Emiliano ha fatto ricerca sulle foto e le opere d’arte d’epoca, in particolare sulle opere di Utagawa Hiroshige, uno dei più celebri artisti giapponesi dell’800, contemporaneo di quel Hokusai che i profani ricorderanno soprattutto per la celebre onda rampante.
«In quelle foto e in quei disegni» dice Laszlo «c’erano cotte di maglia, para-cosce per le frecce, il kimono, la cintura… Ho scelto dunque delle lane – per gilet, maglioni e maglie – che ricordassero proprio la cotta di maglia e addirittura (per quanto riguarda in capi sul rosso) del sangue».
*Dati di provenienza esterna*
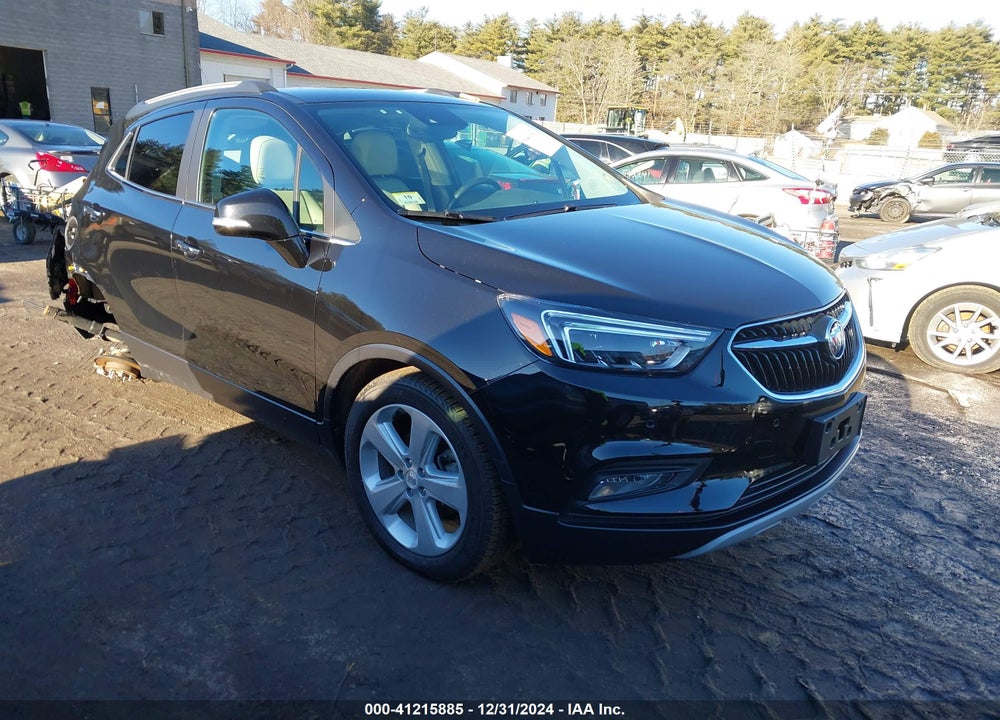2018 BUICK ENCORE PREMIUM VIN: KL4CJHSB1JB688002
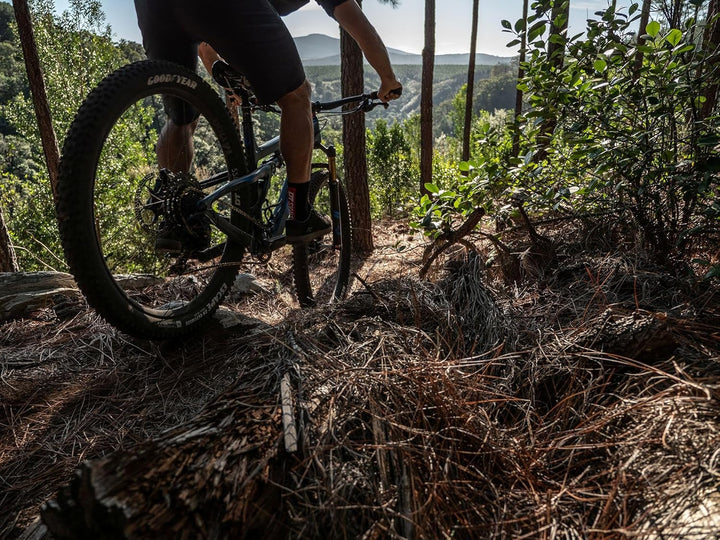 Goodyear Escape Ultimate TLC MTB-Faltreifen // 60-622 (29x2,35') Schwarz 60-622, Schwarz 60-622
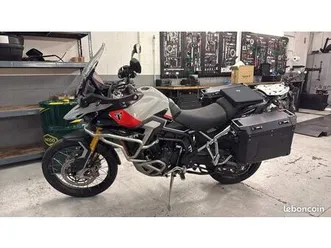 triumph tiger 900 rally pro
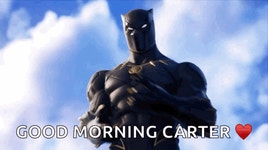 Fortnite Black Panther GIF - Fortnite Black Panther Wakanda Forever - GIF 탐색 및 공유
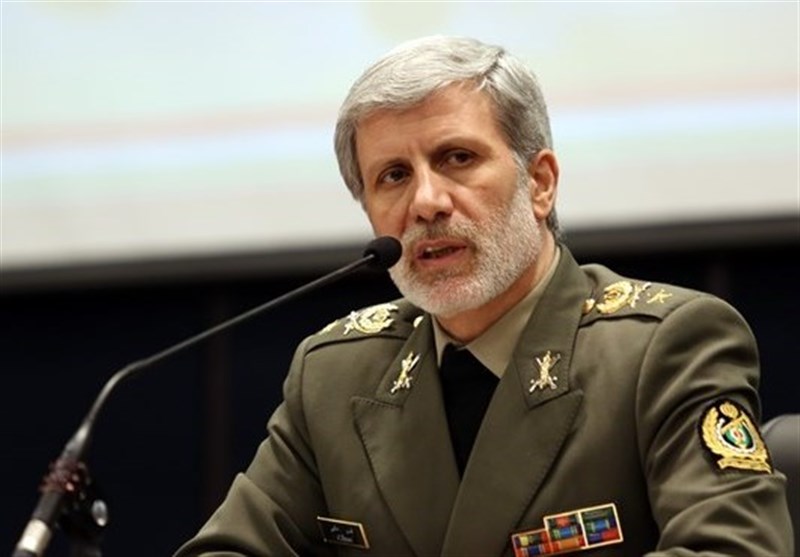 امیر حاتمی: صادرات تسلیحات نظامی ایران از خرید بیشتر خواهد بود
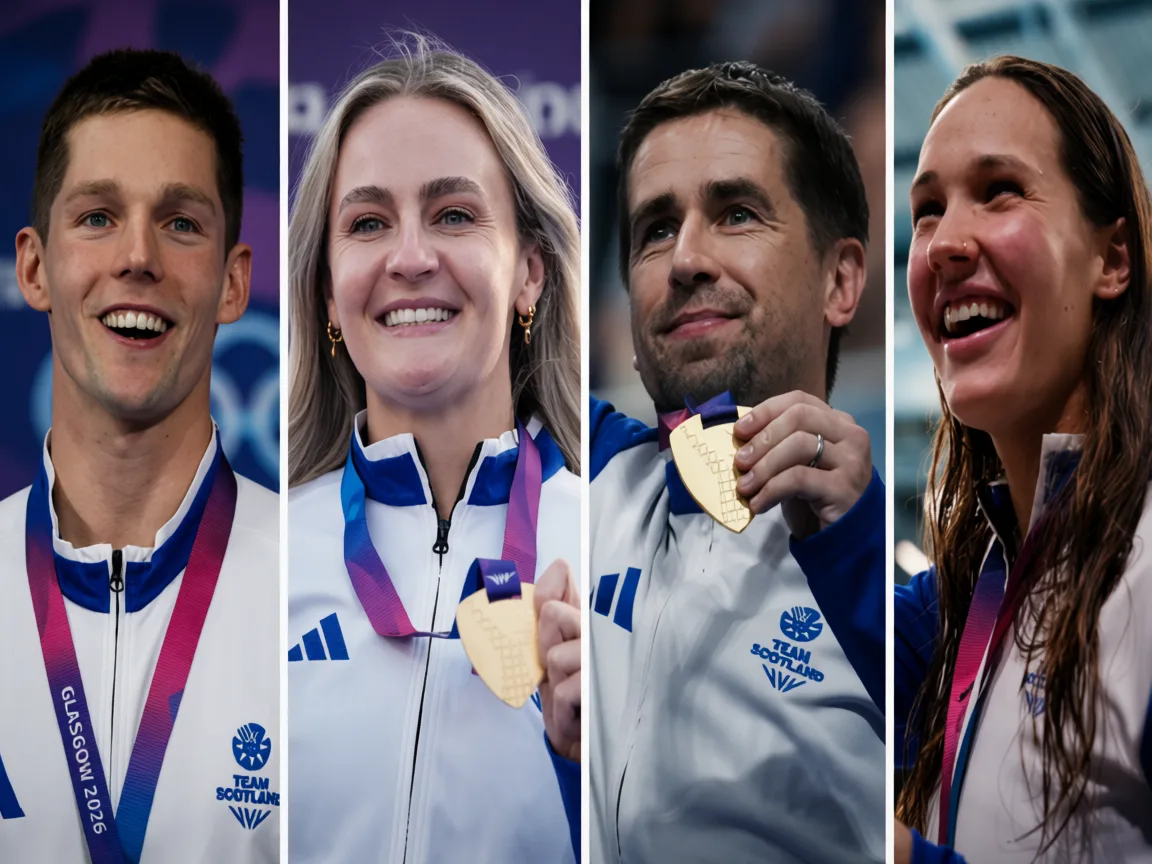 How to Assess Team Scotland's Commonwealth Games Campaign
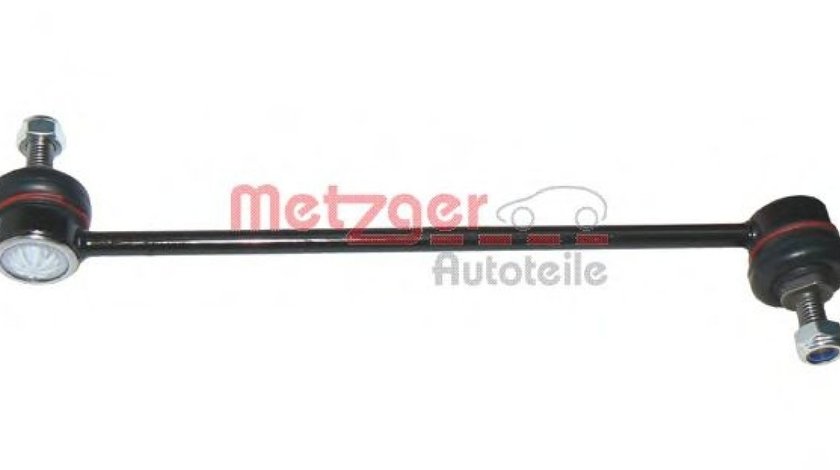 Brat/bieleta suspensie, stabilizator BMW Seria 3 Cabriolet (E46) (2000 - 2007) METZGER 53009918 piesa NOUA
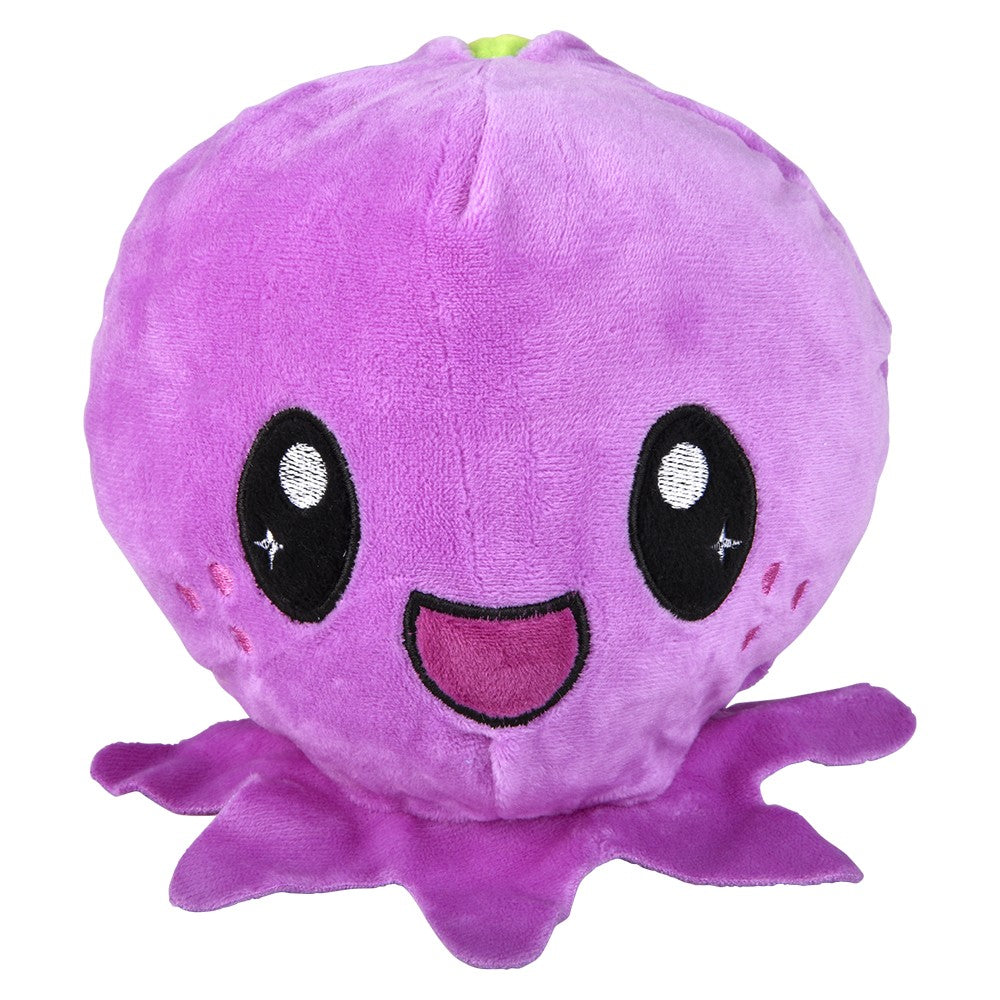 Plush Octopus Reverse Eez 6" (1 DZ)
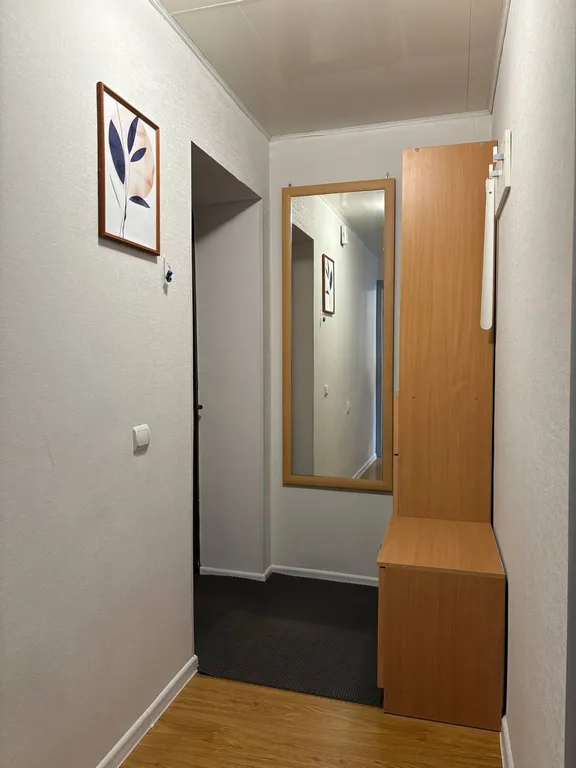 Однокомнатная квартира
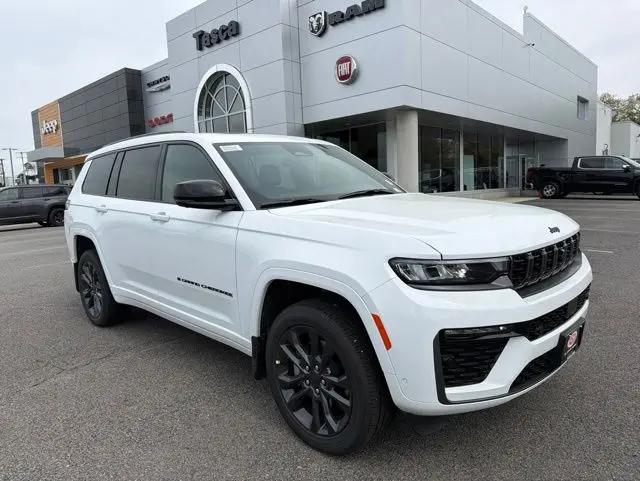 2026 Jeep Grand Cherokee L Limited Reserve for sale in Johnston, RI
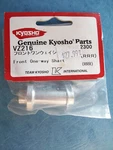 Vintage Kyosho Front One-way Shaft Rrr VZ216 Nip New. Price: $22.00.
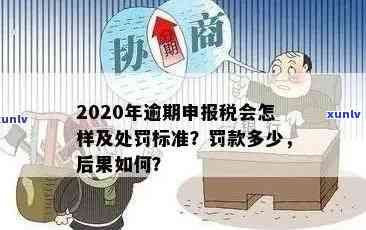 税款逾期申报处罚，未按时申报税款？了解逾期罚款处罚规定！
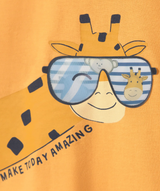 Mayoral boys' cotton t-shirt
L’idea è quella di sovrapporre volumi e consistenze differenti: una polo misto-cashmere, leggera ma caldissima, da indossare sopra ad una camicia bianca, semplice, realizzata in tessuto paracadute. Sotto: un paio di leggings, sempre in misto-cashmere, da portare magari insieme ad un bermuda, con tanto di laccio che s’incrocia e si chiude dietro, come un grembiule. Sopra: uno dei densissimi capispalla, magari un kimono realizzato pure in misto-cashmere o (ancora meglio) in lana impermeabile, prodotta da un lanificio di Prato — tutta la produzione del marchio toscano è praticamente a km-0, tra Firenze, Prato e Pontassieve — che fa lane anti-goccia «con un velo di poliestere interno che conferisce impermeabilità ed una forma più squadrata» spiega Emiliano.

Completano la collezione i maglioni con maniche tipo camicia, la giacca-camicia da lavoro, le camicie in denim (pesante: 11 once) e la camicia-tunica (credo non ci sia bisogno di sottolineare la predilezione di Emiliano Laslo per il “capo camicia”).
Per riassumere: alta qualità, volumi morbidi, leggerezza e densità.
Bravo Emiliano. Anzi, bravo maestro.